Tuesday, 28 November 06, 06:58 AM

To borrow a phrase from legendary Australian cricket commentator Bill Lawry, "it's all happening in the J-League!" For the third season in a row, the J-League will go down to the wire after Urawa Reds failed to wrap up the title when they drew 0-0 with FC Tokyo at the weekend. Elsewhere Gamba Osaka scored a dramatic last minute winner against Kyoto, that did more than just consign Kyoto to the Second Division next season. This was the tenth match since Tokyo lost 1-0 to Kyoto on September 16 and since that time, the club from the capital had scored eighteen goals. Including Urawa's 2-1 win over Sanfrecce Hiroshima on September 16, Urawa had scored twenty goals before their match against FC Tokyo at Ajinomoto Stadium. Given that Urawa's Brazilian striker Washington looks capable of scoring every time he touches the ball, while Tokyo's Brazilian Lucas Severino has weighed in with seventeen goals of his own this year, a 0-0 draw seemed the unlikeliest of results.

Gamba's 3-2 win over bottom club Kyoto Purple Sanga was more expected, especially in light of what one might term some 'generous defending' from the Kyoto defence late in the match. Magno Alves' hat-trick also saw him leap to the top of the Brazilian league - sorry, J-League goalscoring charts. He now has 25 league goals - one more than Washington, while another Brazilian, Juninho, has nineteen. And if you think your intrepid reporter was around to catch any of the goals, the glory, the coincidences or conspiracy theories that either of these two drama-charged matches produced, you're wrong!

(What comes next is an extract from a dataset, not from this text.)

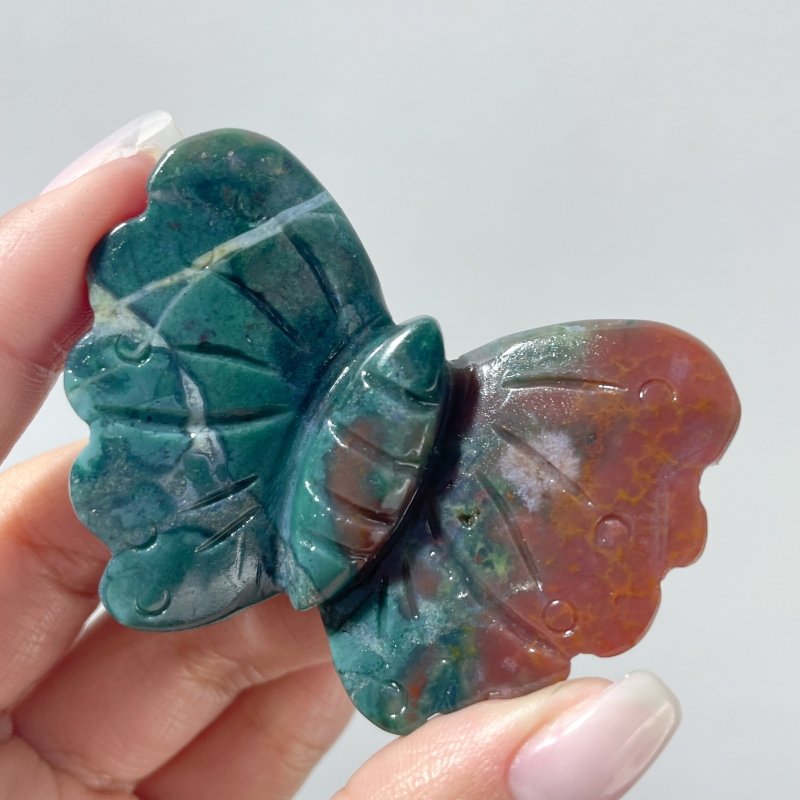 Ocean Jasper Butterfly Carving Wholesale - Wholesale Crystals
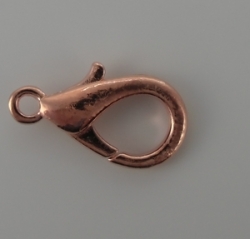 1 Stück Karabinerverschluss - 19mm rosé goldfarben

That's because I was at a draughty Ecopa Stadium, to watch Jubilo Iwata beat Shimizu S-Pulse 1-0 in a dull Shizuoka derby. According to Jonathon Birchell's classic book on Shimizu's tumultuous 1999 season, "Ultra Nippon: How Japan Reinvented Football," these two are the most bitter of rivals. You could have fooled this reporter, as the two clubs eked out one of the most passionless derbies I've ever witnessed. Ryoichi Maeda was the hero for Jubilo, converting a penalty on the hour mark to at least send half of the 37,711 crowd wild. The thousands of orange-clad Shimizu fans massed behind the southern goal didn't seem too perturbed though, out-singing the strangely lifeless Jubilo fans for the entire match. Their team out-played Jubilo for the entire match too, but only went close when Jungo Fujimoto hit the crossbar with a chip that had Japan captain Yoshikatsu Kawaguchi well beaten in the Jubilo goal.

So the club from eight kilometres down the road take the points from the club 70 kilometres up the road, in a stadium that both teams sporadically share. That's all par for the course in the weird world of the J-League, where the talking point next week will invariably be Urawa's sold out title decider against Gamba Osaka. Over 63,000 lucky ticket fans will be at the game, while millions more will tune in to the match live on TV. Not me though, I'll be taking my seat at Nihondaira Stadium, to watch Shimizu S-Pulse take on Sanfrecce Hiroshima in a match that possibly only me and the old ladies from the hairdressing salon will care about.